Ask any sysadmin what hardware they have to deal with is the worst and I think universally they will all tell you it’s printers. There’s a lot of reasons for this, but I think the biggest ones are:

  • They use / misuse consumable items like ink, paper, etc.
  • They have a ton of moving parts to jam or break or get blocked.
  • They tend to be in places where end users are asked to service them and often put in incorrect paper, jam things or misrefill ink, etc.
  • Recent trends have made printers lowest margin items. If your printer doesn’t work, throw it away and get a new one, it’s cheaper than fixing or refilling your existing one.

A few years ago I got a HP multifunction printer (when it’s predecessor broke and it turned out to be cheaper to just buy a new one). The scanner part of it works great and always has. The printer part on the other hand has been nothing but horror. I don’t tend to print much at all, but a few times a year for some reason or another I need to print a document or directions to something or whatever and every single time this printer has failed me on the first print attemps. Reasons for it’s breakage have included:

  • It’s been so long since I printed the ink “dried up”. Once I was able to get it working by cleaning it with a q-tip, once by making the printer run it’s clean print heads cycle about 20 times, once by buying a new cartridge (almost as much as a new printer).
  • Once it decided to just not turn on at all. Unplugging it completely and waiting 5minutes and replugging it “fixed” it.
  • Once the color ink cartridge was low so it wouldn’t print anything (even just using the black cart that was full!) which required a new color cartridge.

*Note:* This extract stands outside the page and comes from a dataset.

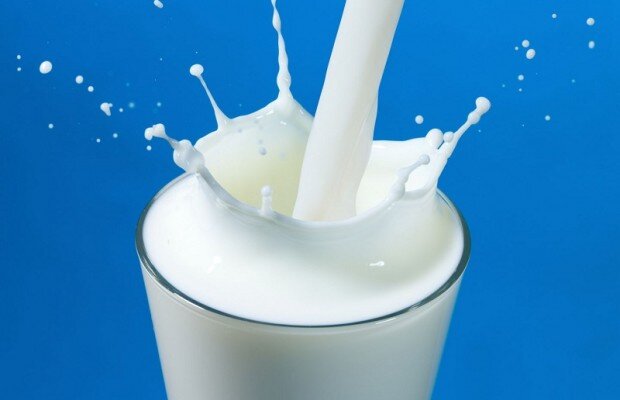 Tổng hợp các loại sữa tươi tiệt trùng Vinamilk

Over the holidays I cleaned out a lot of my computer room, so I could see all the printers I still had that I hadn’t managed to throw away. 2 old HP inkjets, an old epson, and… what is that at the back of the room? why it’s my old HP laserjet 4P. I used that printer extensively during college and after and finally retired it when the tonor ran out and I wanted to move to a new shiny color inkjet printer.

So that got me thinking. The laserjet 4P only has a parallel port, but a quick check found a parallel to usb cable for $8. At the time I retired it, a tonor cartridge for the 4P cost around $100, but looking now, I found one for $12. A quick amazon order and a few days the items arrived. I hooked up the printer to my main server and put in the new tonor cart, added it to cups and printed a test page. A lovely 600dpi test page.

So, hopefully this laserjet 4P will now print reliably for me for the rest of my life and I can avoid the inkjet “buy a new one” everytime I need to print something.